### PROBLEM TO WORK ON
Once you reach the line with "Jack & Jones" in the material below, copy each line exactly up to and including the line with "Stackable Coffee Cups", and skip the pictures.

### RECORDS FOR THIS TASK
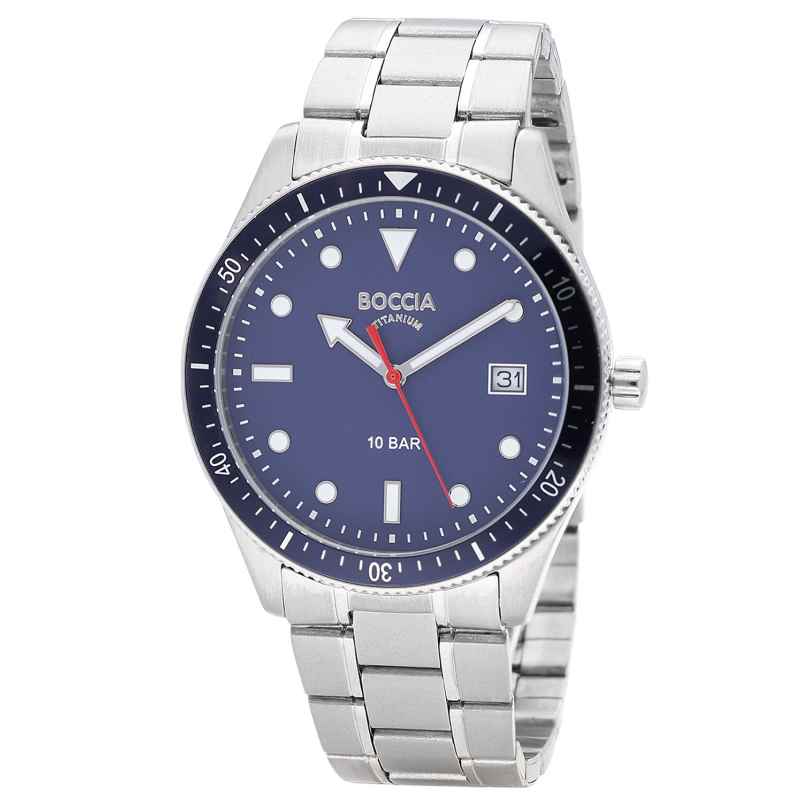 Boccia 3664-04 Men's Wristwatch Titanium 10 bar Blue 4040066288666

==

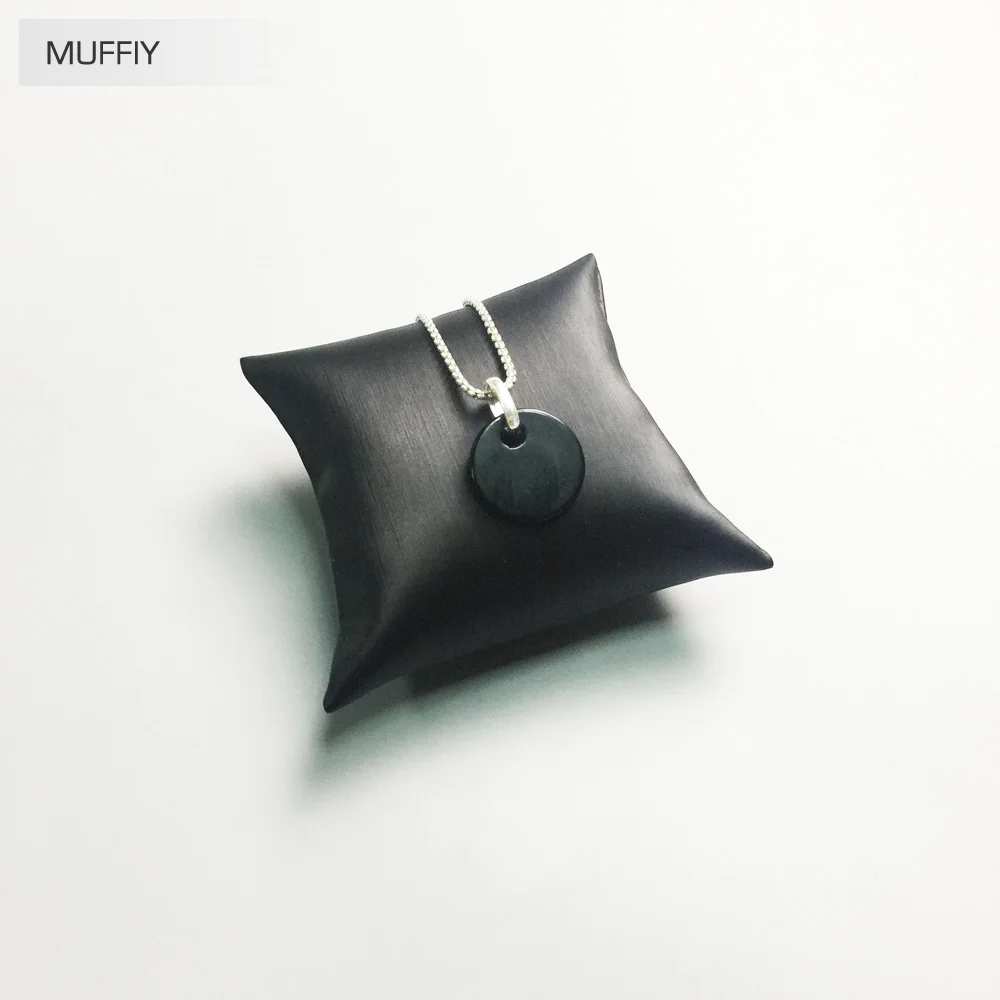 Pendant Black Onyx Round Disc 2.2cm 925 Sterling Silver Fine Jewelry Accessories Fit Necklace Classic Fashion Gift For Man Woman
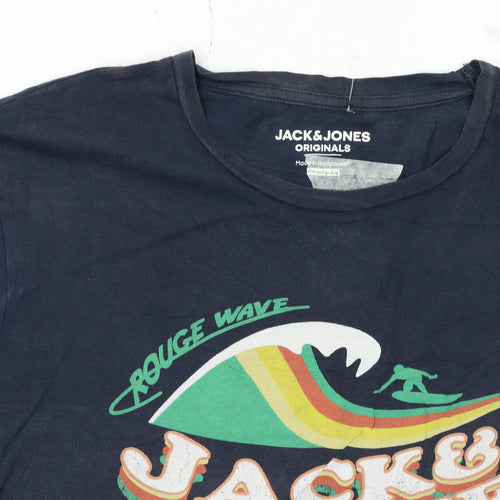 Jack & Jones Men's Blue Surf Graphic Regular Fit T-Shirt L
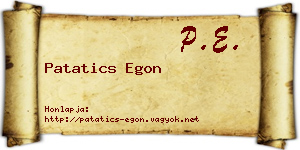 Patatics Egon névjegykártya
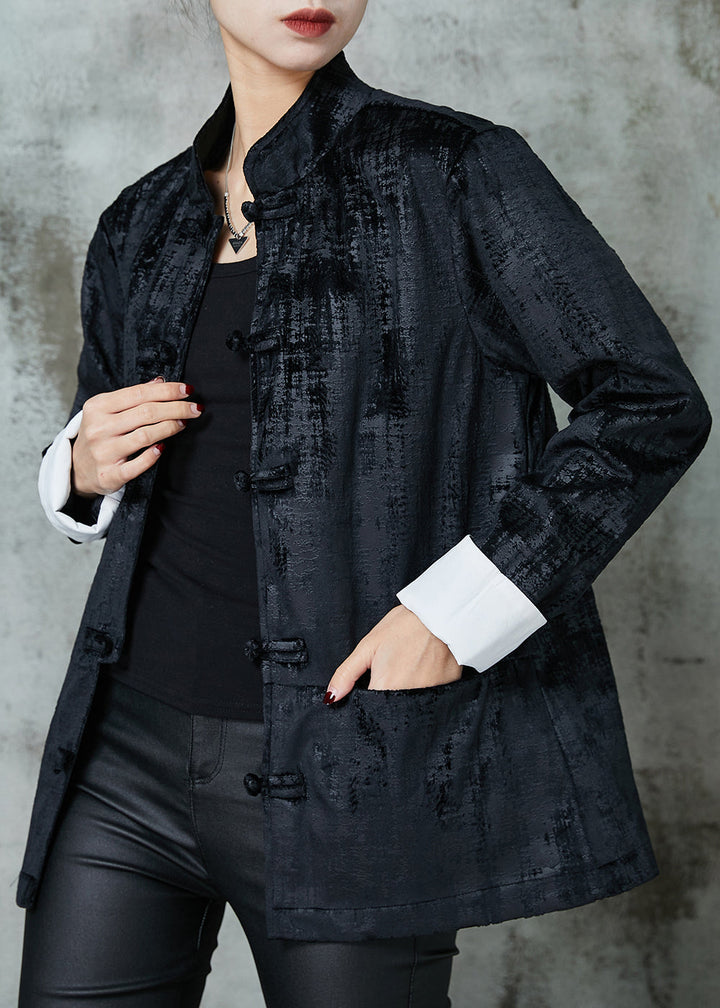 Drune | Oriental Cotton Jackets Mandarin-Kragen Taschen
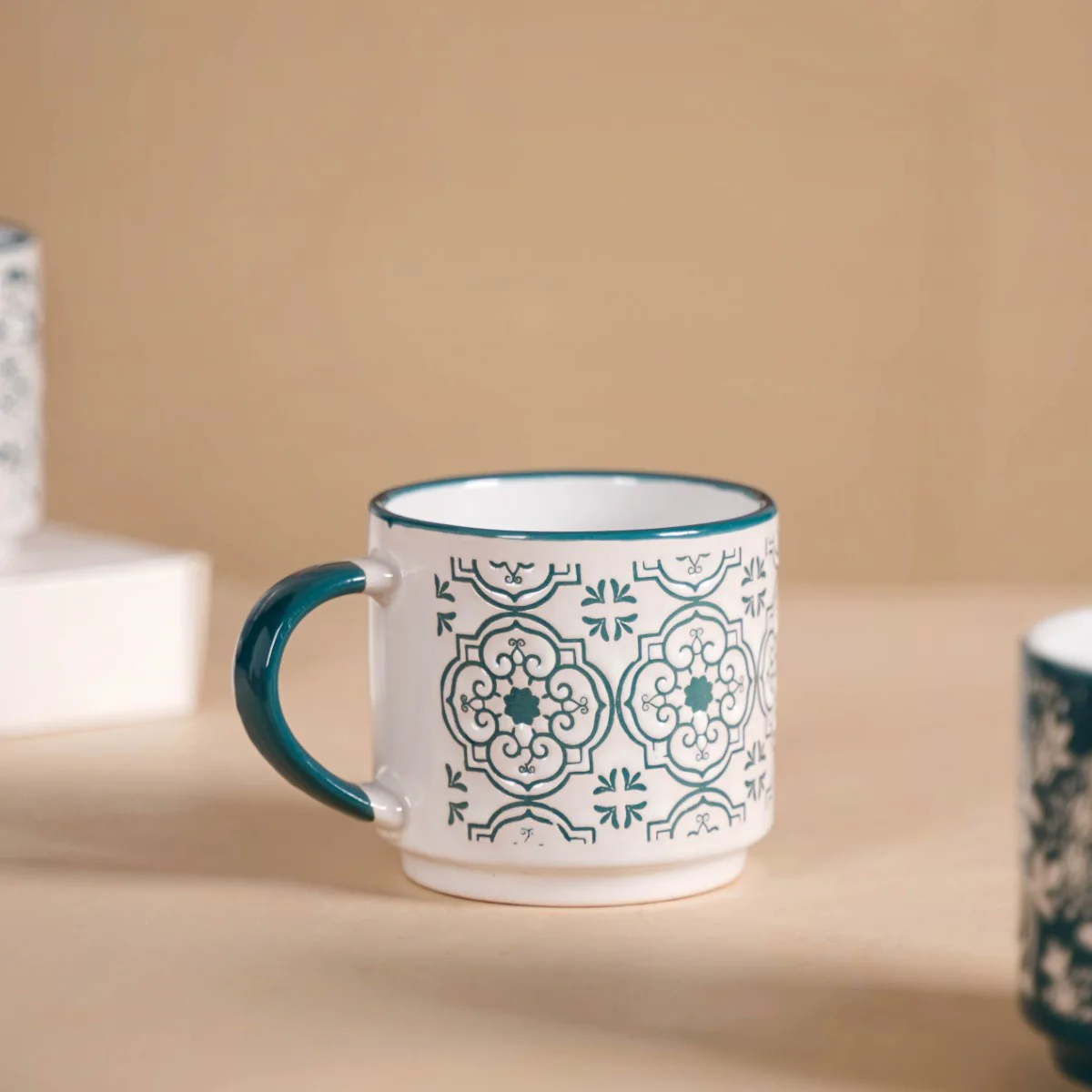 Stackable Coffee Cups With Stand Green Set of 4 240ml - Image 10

--

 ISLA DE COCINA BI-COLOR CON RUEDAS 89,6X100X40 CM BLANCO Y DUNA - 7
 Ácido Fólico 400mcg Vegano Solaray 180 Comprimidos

### WRITTEN SOLUTION
 Jack & Jones Men's Blue Surf Graphic Regular Fit T-Shirt L
 Patatics Egon névjegykártya
 Drune | Oriental Cotton Jackets Mandarin-Kragen Taschen
 Stackable Coffee Cups With Stand Green Set of 4 240ml - Image 10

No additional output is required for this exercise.